What you are asked to do: Transcribe the following entries letter for letter, without the pictures.

[Image-text web data]
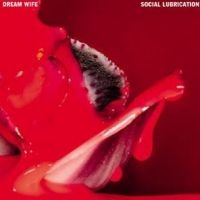 Dream Wife - Social Lubrication (Deep Red Vinyl) i gruppen VINYL / Metal,Pop-Rock hos Bengans Skivbutik AB (4255232)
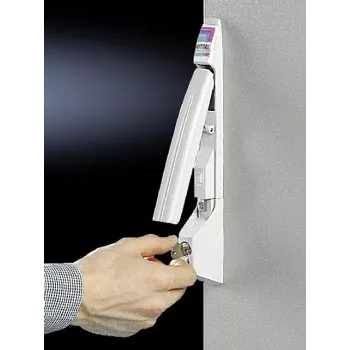 Rittal Comfort Handle for Profile Half Cylinder Black (RAL 9005) TS 8611.360 1 pc(s) (8611.360)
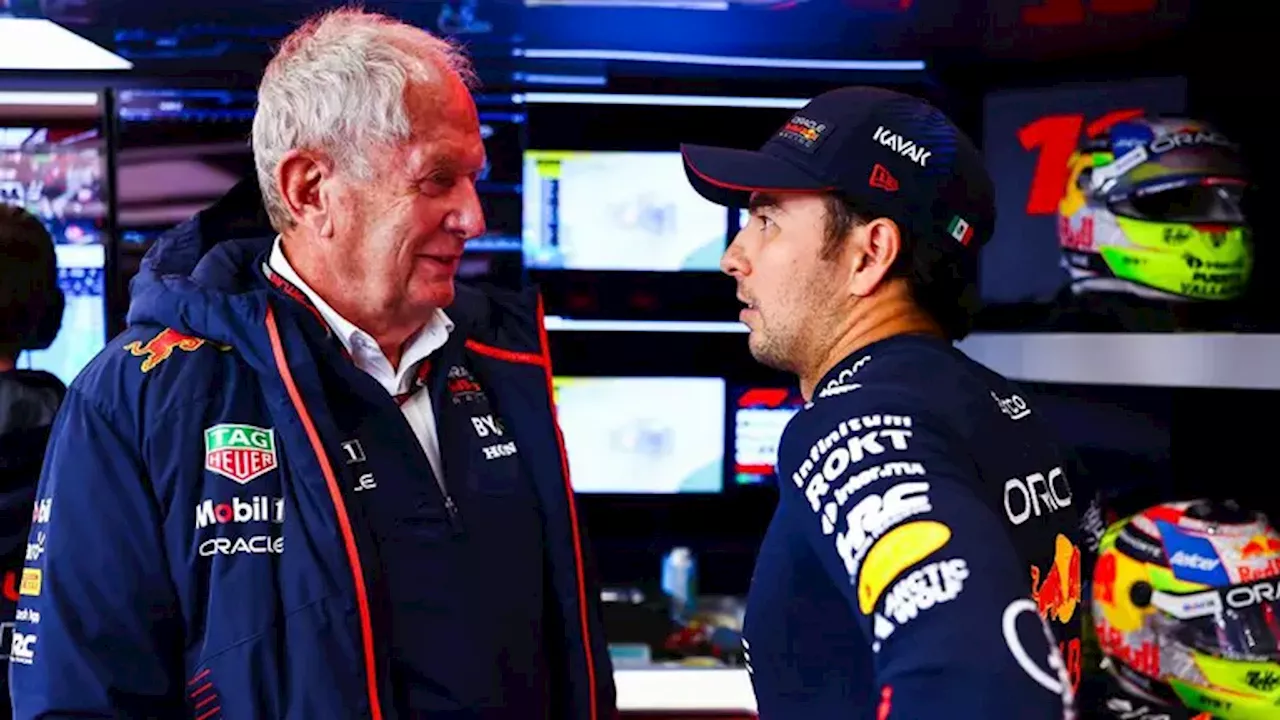 Culpan a ‘Checo’ Pérez de que Red Bull no haya ganado el campeonato de constructores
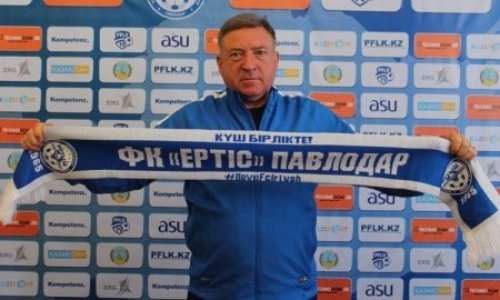 Вячеслав Грозный: «Я не работаю в „Иртыше“? Не знал»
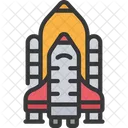 Space Craft Rocket Icon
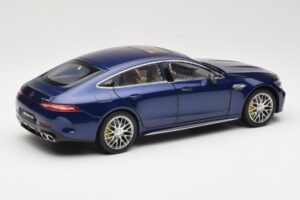 Mercedes AMG GT63 S X290 Brilliant Blue Norev 1:18 B66960461 Métal — image 3 sur 8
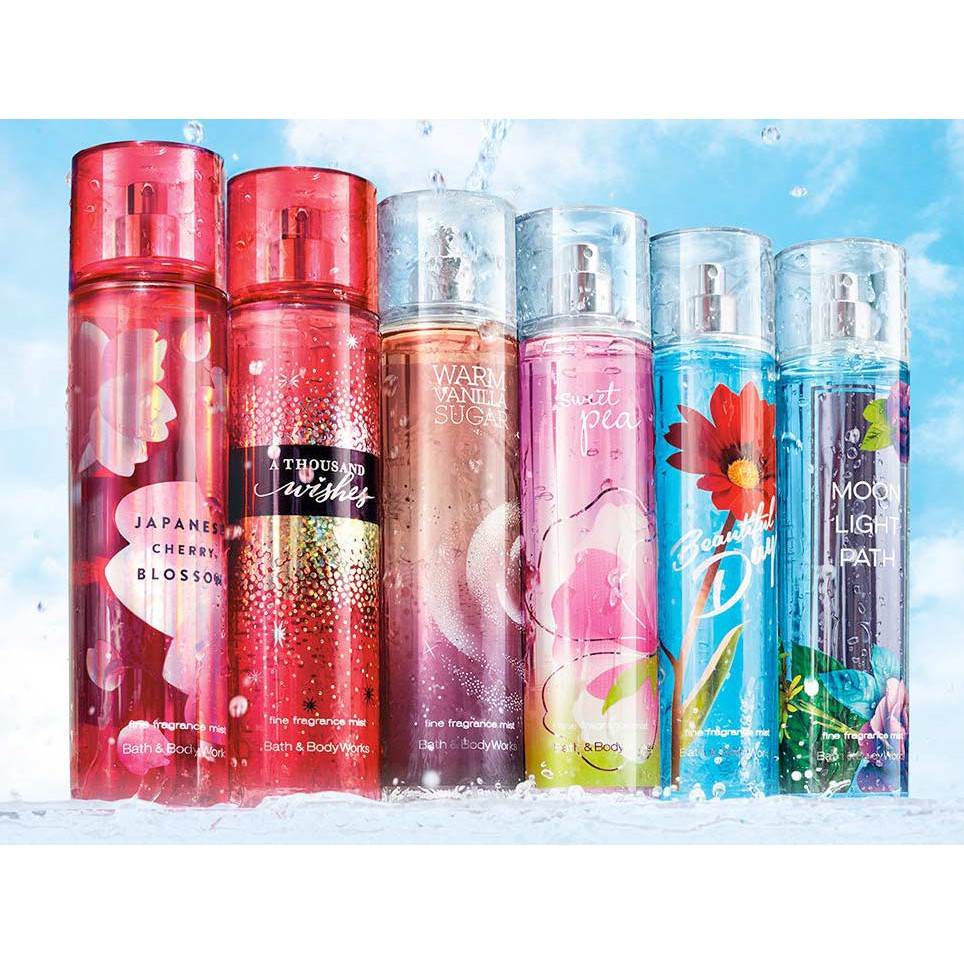 Xịt Thơm Body Mist Bath & Body Works | BigBuy360 - bigbuy360.vn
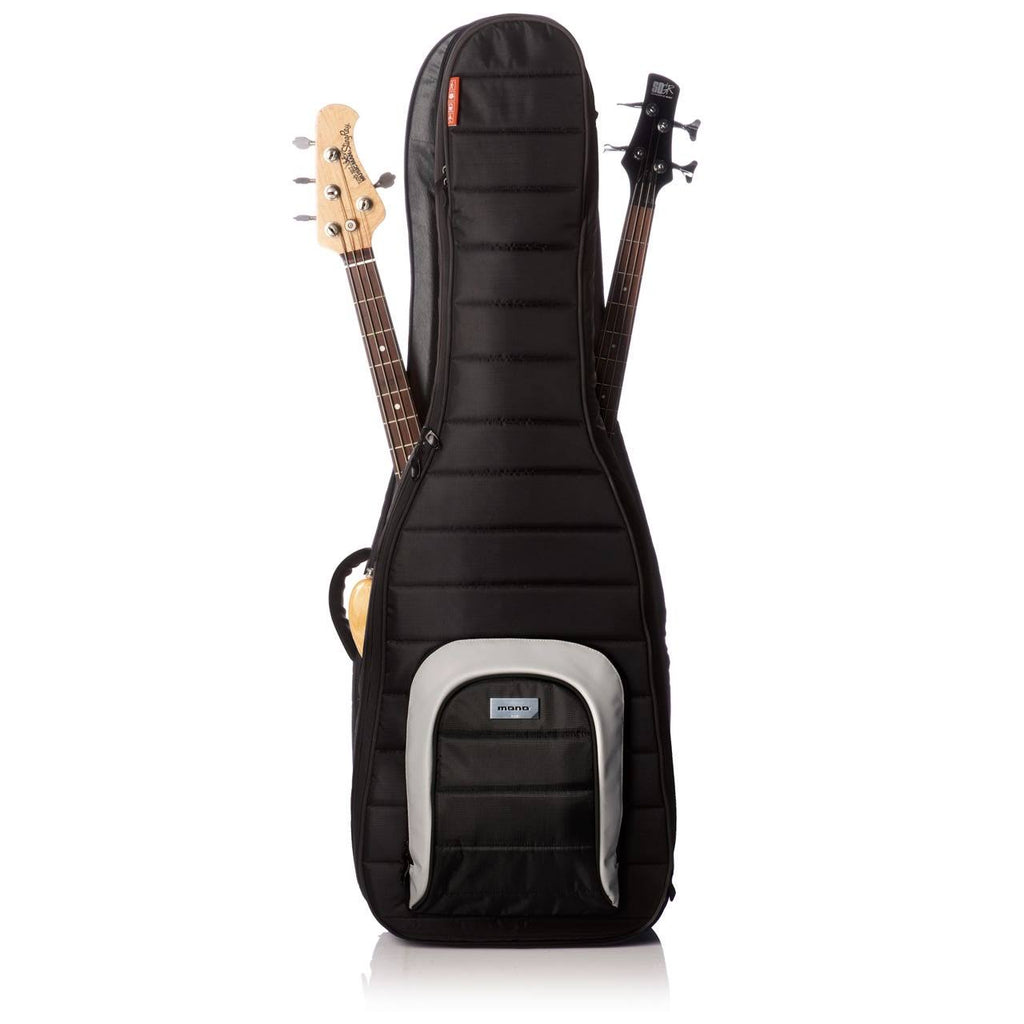 Dual Bass Guitar Gig Bag, Black U549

Task result:
 Dream Wife - Social Lubrication (Deep Red Vinyl) i gruppen VINYL / Metal,Pop-Rock hos Bengans Skivbutik AB (4255232)
 Rittal Comfort Handle for Profile Half Cylinder Black (RAL 9005) TS 8611.360 1 pc(s) (8611.360)
 Culpan a ‘Checo’ Pérez de que Red Bull no haya ganado el campeonato de constructores
 Вячеслав Грозный: «Я не работаю в „Иртыше“? Не знал»
 Space Craft Rocket Icon
 Mercedes AMG GT63 S X290 Brilliant Blue Norev 1:18 B66960461 Métal — image 3 sur 8
 Xịt Thơm Body Mist Bath & Body Works | BigBuy360 - bigbuy360.vn
 Dual Bass Guitar Gig Bag, Black U549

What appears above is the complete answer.